Disappointing when this blows up again, but I notice that the error is different -- complaining about SSL. I had just removed the parameter suggesting a secure connection, so let me try putting that back.

After another 30 minutes of pulling my hair out, I come to realize that "Secure=true" is the default for the Minio Python client but, the Docker image for Minio is not ready to run SSL immediately out of the box (would need to run cert set ups and such). So, the final remaining essential is to explicitly set "secure=False" in the constructor.

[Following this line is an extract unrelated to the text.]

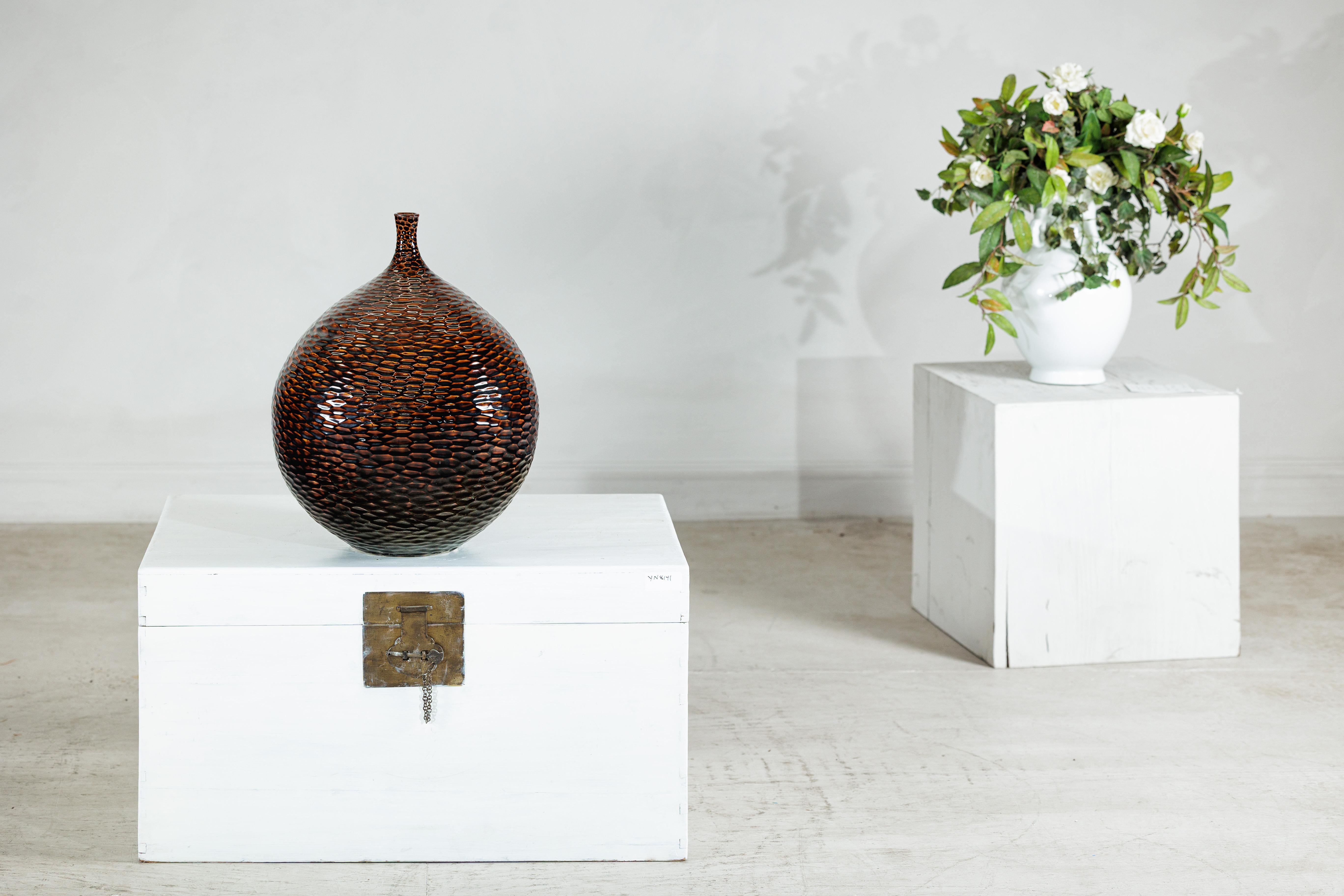 Smaltato Vaso grande in ceramica artigianale con struttura a nido d'ape lucida nei toni del marrone intenso in vendita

Now that Minio is up-and-running, I proceed to save my downloaded numpy arrays with fashion MNIST data into it. Only discovery here is that when you save a numpy array, it automatically appends a ".npy" extension if you don't specify an alternative, so the operation to put the file in S3 after creating it needs to specify this extension.

It occurs to me at this point that I should probably be generating random names for these objects, to allow multiple copies of this pipeline to run concurrently. However, I will circle back to that once this main demo is running end-to-end. Too many further unknowns to spend time on this very well-known problem and solution right now.

For now, I add code to the Python script to put hard-coded object names in each of 4 files and update the file kfp_fashion_mnist.py with the Python DSL for the first step in my proposed workflow. Following these instructions, I install the pipeline preprocessor and try to preprocess my pipeline.

I immediately receive an error telling me that only letters, numbers and dashes are permitted. Upon closer inspection, I see that this is referring to my choice of names for the file output variables for this step - which included underscores. I replace those with simple camel-casing to distinguish the words within the name, recompile and -- success!

I take the .tar.gz file that has been produced and navigate into the Kubeflow Pipeline UI, clicking Upload, giving it a name and -- success!

I create a run. And OMG, it actually works on the first attempt! :-) . Clicking the "download" box brings up the context pane and allows me to inspect first the Logs, showing all the same stuff I had previously seen in the console during testing.

And then clicking the Input/Output tab, I am able to see that the names of the objects have been properly set in the Output variables. I am officially ready to begin the subsequent steps!